◆ About this task: Reproduce each record below exactly as written.

○ ○ ○ ○ ○

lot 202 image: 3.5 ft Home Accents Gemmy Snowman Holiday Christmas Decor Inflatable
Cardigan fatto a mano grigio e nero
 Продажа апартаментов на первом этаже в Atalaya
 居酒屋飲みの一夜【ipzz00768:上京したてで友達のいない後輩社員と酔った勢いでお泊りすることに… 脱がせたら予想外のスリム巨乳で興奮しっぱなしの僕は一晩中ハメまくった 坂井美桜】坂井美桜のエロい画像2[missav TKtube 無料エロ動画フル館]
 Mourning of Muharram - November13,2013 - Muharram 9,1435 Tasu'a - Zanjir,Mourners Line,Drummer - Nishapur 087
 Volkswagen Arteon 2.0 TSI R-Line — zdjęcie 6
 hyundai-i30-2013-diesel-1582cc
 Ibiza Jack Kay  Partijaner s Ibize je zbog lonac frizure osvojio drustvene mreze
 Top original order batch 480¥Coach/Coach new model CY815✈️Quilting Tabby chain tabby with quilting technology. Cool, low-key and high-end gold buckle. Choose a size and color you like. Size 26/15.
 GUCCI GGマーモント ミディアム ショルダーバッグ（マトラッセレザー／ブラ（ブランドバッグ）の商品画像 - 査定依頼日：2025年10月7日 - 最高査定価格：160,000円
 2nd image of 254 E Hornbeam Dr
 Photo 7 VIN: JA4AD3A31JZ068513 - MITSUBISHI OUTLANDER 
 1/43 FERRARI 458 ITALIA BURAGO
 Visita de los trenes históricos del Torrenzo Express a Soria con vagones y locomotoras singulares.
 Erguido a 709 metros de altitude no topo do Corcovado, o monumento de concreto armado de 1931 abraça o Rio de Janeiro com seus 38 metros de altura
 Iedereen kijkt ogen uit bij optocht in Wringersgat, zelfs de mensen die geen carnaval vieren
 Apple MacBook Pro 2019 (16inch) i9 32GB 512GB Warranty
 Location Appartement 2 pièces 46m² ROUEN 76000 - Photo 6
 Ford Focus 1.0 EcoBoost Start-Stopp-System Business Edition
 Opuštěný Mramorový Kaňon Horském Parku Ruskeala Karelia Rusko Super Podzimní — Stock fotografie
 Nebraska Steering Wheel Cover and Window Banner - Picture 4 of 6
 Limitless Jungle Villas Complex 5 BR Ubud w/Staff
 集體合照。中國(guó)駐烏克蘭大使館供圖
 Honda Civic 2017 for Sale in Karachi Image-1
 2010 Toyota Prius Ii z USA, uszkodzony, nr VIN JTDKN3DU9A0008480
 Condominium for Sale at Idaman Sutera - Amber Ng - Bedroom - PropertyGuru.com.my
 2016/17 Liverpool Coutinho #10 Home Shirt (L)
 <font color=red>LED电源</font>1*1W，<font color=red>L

○ ○ ○ ○ ○

◆ Reply:
lot 202 image: 3.5 ft Home Accents Gemmy Snowman Holiday Christmas Decor Inflatable
Cardigan fatto a mano grigio e nero
 Продажа апартаментов на первом этаже в Atalaya
 居酒屋飲みの一夜【ipzz00768:上京したてで友達のいない後輩社員と酔った勢いでお泊りすることに… 脱がせたら予想外のスリム巨乳で興奮しっぱなしの僕は一晩中ハメまくった 坂井美桜】坂井美桜のエロい画像2[missav TKtube 無料エロ動画フル館]
 Mourning of Muharram - November13,2013 - Muharram 9,1435 Tasu'a - Zanjir,Mourners Line,Drummer - Nishapur 087
 Volkswagen Arteon 2.0 TSI R-Line — zdjęcie 6
 hyundai-i30-2013-diesel-1582cc
 Ibiza Jack Kay  Partijaner s Ibize je zbog lonac frizure osvojio drustvene mreze
 Top original order batch 480¥Coach/Coach new model CY815✈️Quilting Tabby chain tabby with quilting technology. Cool, low-key and high-end gold buckle. Choose a size and color you like. Size 26/15.
 GUCCI GGマーモント ミディアム ショルダーバッグ（マトラッセレザー／ブラ（ブランドバッグ）の商品画像 - 査定依頼日：2025年10月7日 - 最高査定価格：160,000円
 2nd image of 254 E Hornbeam Dr
 Photo 7 VIN: JA4AD3A31JZ068513 - MITSUBISHI OUTLANDER 
 1/43 FERRARI 458 ITALIA BURAGO
 Visita de los trenes históricos del Torrenzo Express a Soria con vagones y locomotoras singulares.
 Erguido a 709 metros de altitude no topo do Corcovado, o monumento de concreto armado de 1931 abraça o Rio de Janeiro com seus 38 metros de altura
 Iedereen kijkt ogen uit bij optocht in Wringersgat, zelfs de mensen die geen carnaval vieren
 Apple MacBook Pro 2019 (16inch) i9 32GB 512GB Warranty
 Location Appartement 2 pièces 46m² ROUEN 76000 - Photo 6
 Ford Focus 1.0 EcoBoost Start-Stopp-System Business Edition
 Opuštěný Mramorový Kaňon Horském Parku Ruskeala Karelia Rusko Super Podzimní — Stock fotografie
 Nebraska Steering Wheel Cover and Window Banner - Picture 4 of 6
 Limitless Jungle Villas Complex 5 BR Ubud w/Staff
 集體合照。中國(guó)駐烏克蘭大使館供圖
 Honda Civic 2017 for Sale in Karachi Image-1
 2010 Toyota Prius Ii z USA, uszkodzony, nr VIN JTDKN3DU9A0008480
 Condominium for Sale at Idaman Sutera - Amber Ng - Bedroom - PropertyGuru.com.my
 2016/17 Liverpool Coutinho #10 Home Shirt (L)
 <font color=red>LED电源</font>1*1W，<font color=red>L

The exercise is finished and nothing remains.